他激动地上前,还没问什么,水千竹便将手中的符文递了过去。
何大师拿起来一看,惊讶不已。
“这真是用那手法绘制的低品火符?”
水千竹轻笑着点了点头,何大师见此当即惊呼起来:
“你这丫头真行,这样绘制成的符文真的和正常手法绘制出的一模一样啊。”何大师眼珠子一转又想到了什么,指着一院狼藉道:
“所以,这动静就是你前几天测试时弄出来的?结果怎么样,威力如何?”
水千竹勾唇笑道:“两种符文无论是外观还是威力都一样,没有任何不同,但是绘制起来节省了很多很多时间,我几乎一盏茶时间就能绘制好几张。”
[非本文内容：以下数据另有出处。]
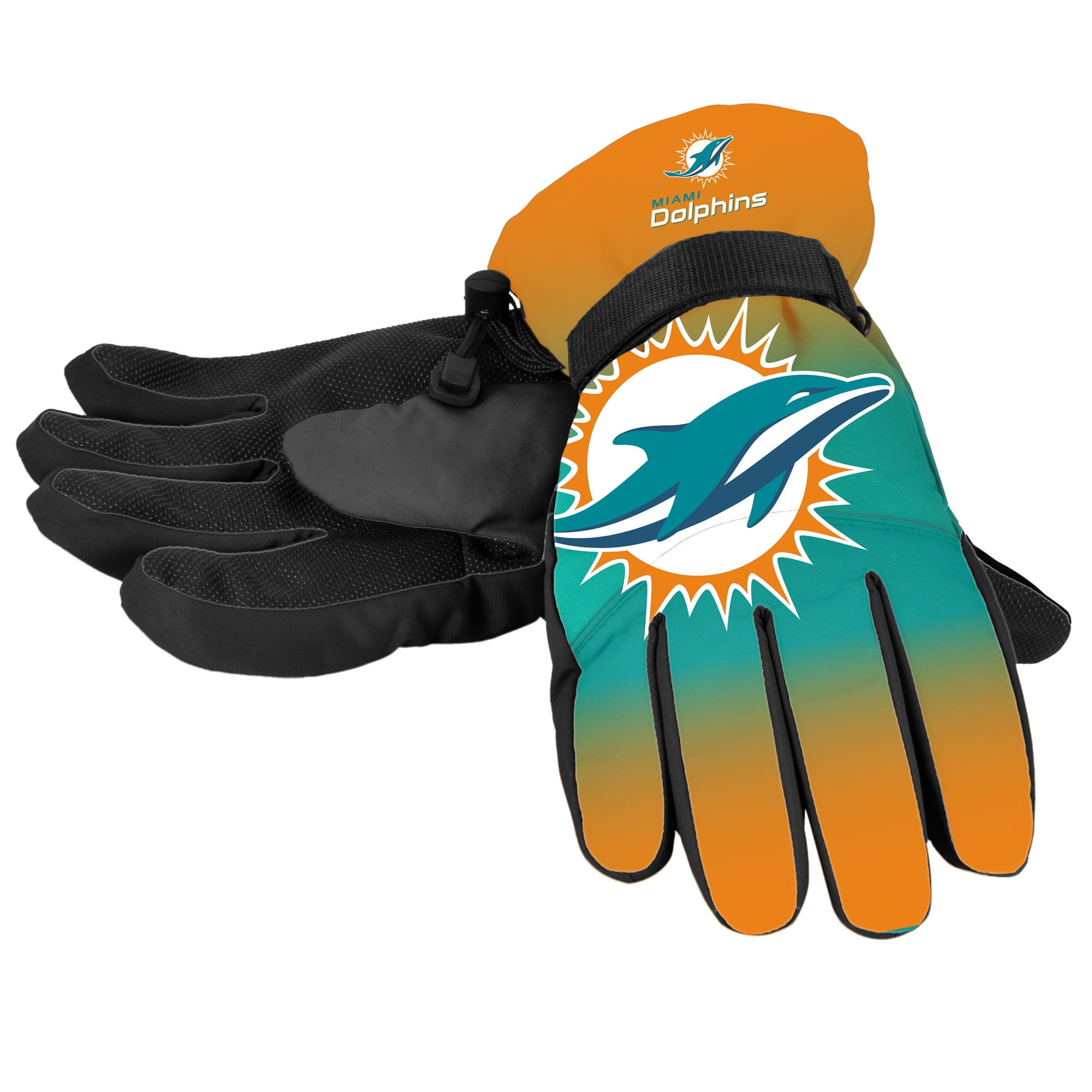 dolphins receiver gloves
何大师闻言瞪得眼珠子都要掉出来了,讲道理,他好羡慕,他这把老骨头绘制一张符文的时间可都比一盏茶时间长,有时候不吃不喝不睡好几天,也只能绘制出几张,这对比真是太鲜明,他又开始怀疑自己的人生了。
水千竹自然看出了何大师转瞬即逝的那一丝羡慕和惭愧,想了想便道:
“何大师,我现在有事出去一趟,等我回来后,和您探讨一下这手法如何?”
何大师闻言一愣,花白的胡子迎风飘荡,不敢确定自己的耳朵:“水丫头,你这是?”